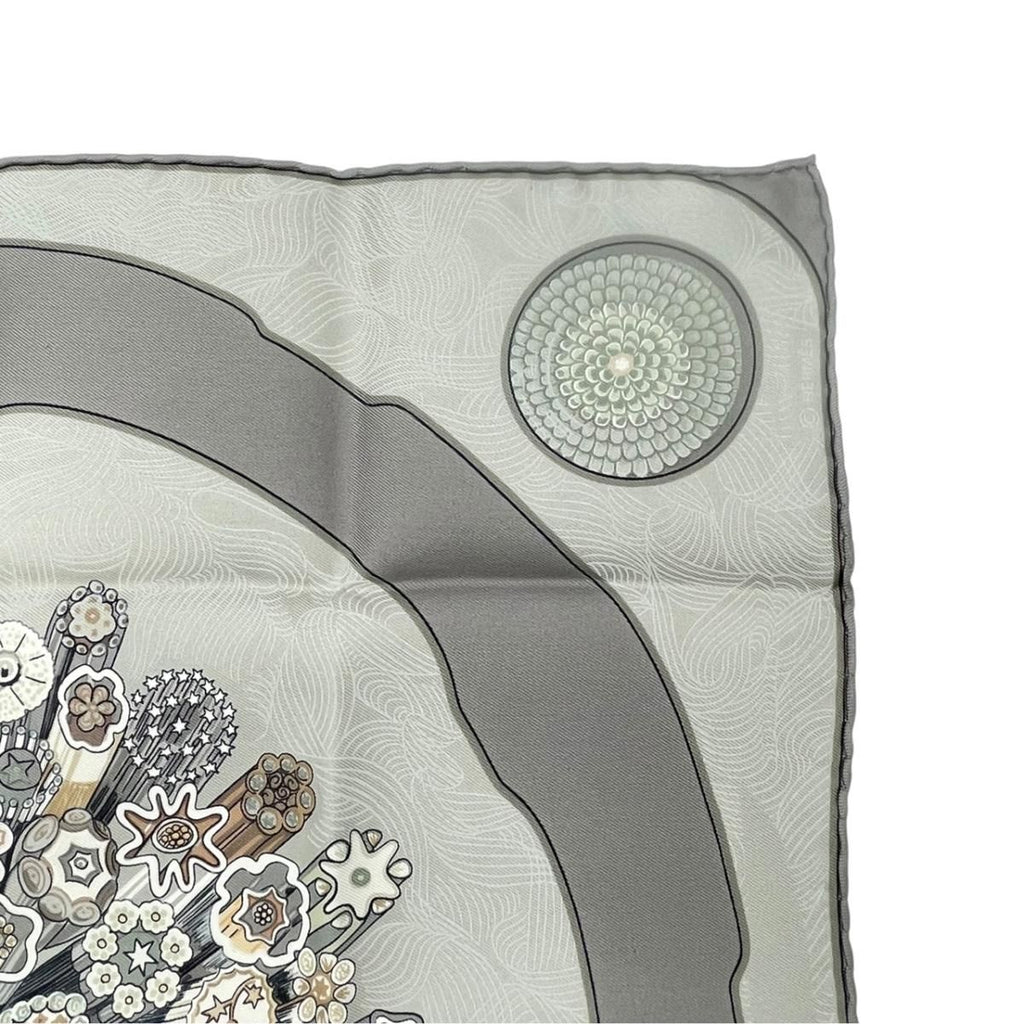 Hermes Petit Carre Scarf 45 Suifures Silk Gray Japanese Pattern — view 3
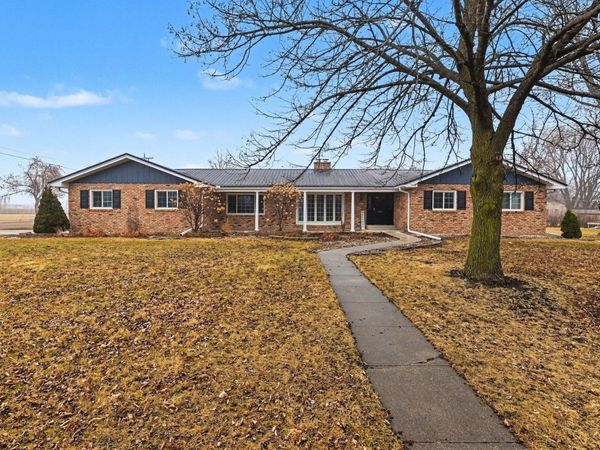 801 6th Avenue SE, Pipestone, MN 56164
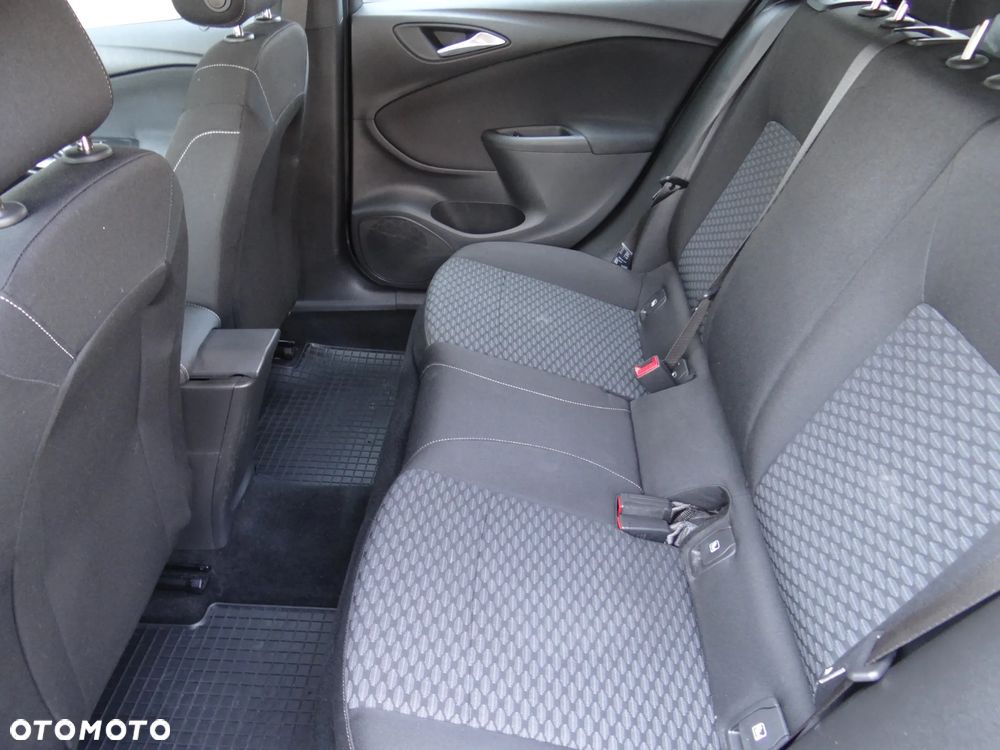 Opel Astra 1.4 T Enjoy - 12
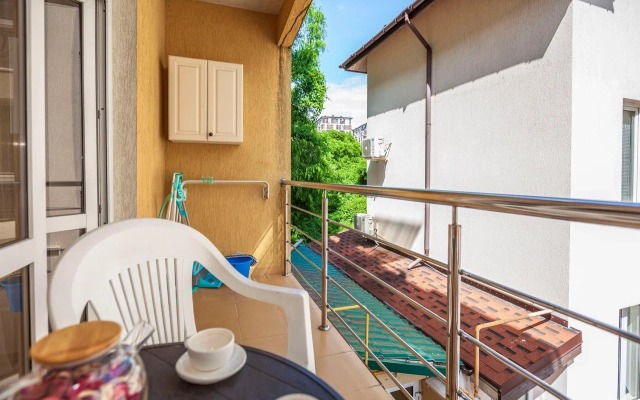 U Morya S Basseinom V Zhk Solnechny/28B Apartments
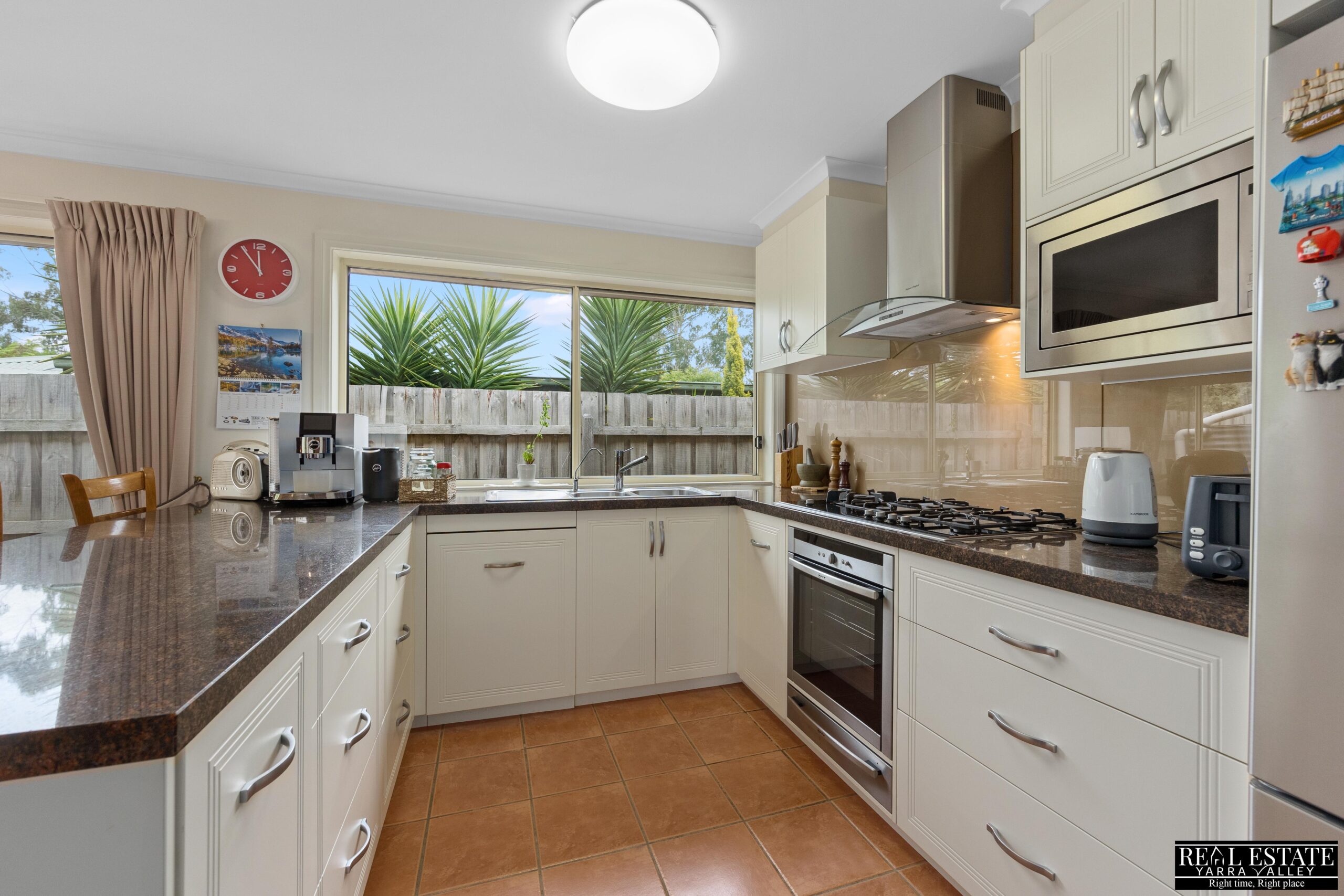 30 Farnham Road, HEALESVILLE, VIC 3777 AUS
.....
* _About this exercise_
Write the lines out exactly, beginning at the line that holds "Opel Astra 1.4 T Enjoy - 12" and stopping after the last line of the entries; include no pictures.

* _Answer to this problem_
 Opel Astra 1.4 T Enjoy - 12
 U Morya S Basseinom V Zhk Solnechny/28B Apartments
 30 Farnham Road, HEALESVILLE, VIC 3777 AUS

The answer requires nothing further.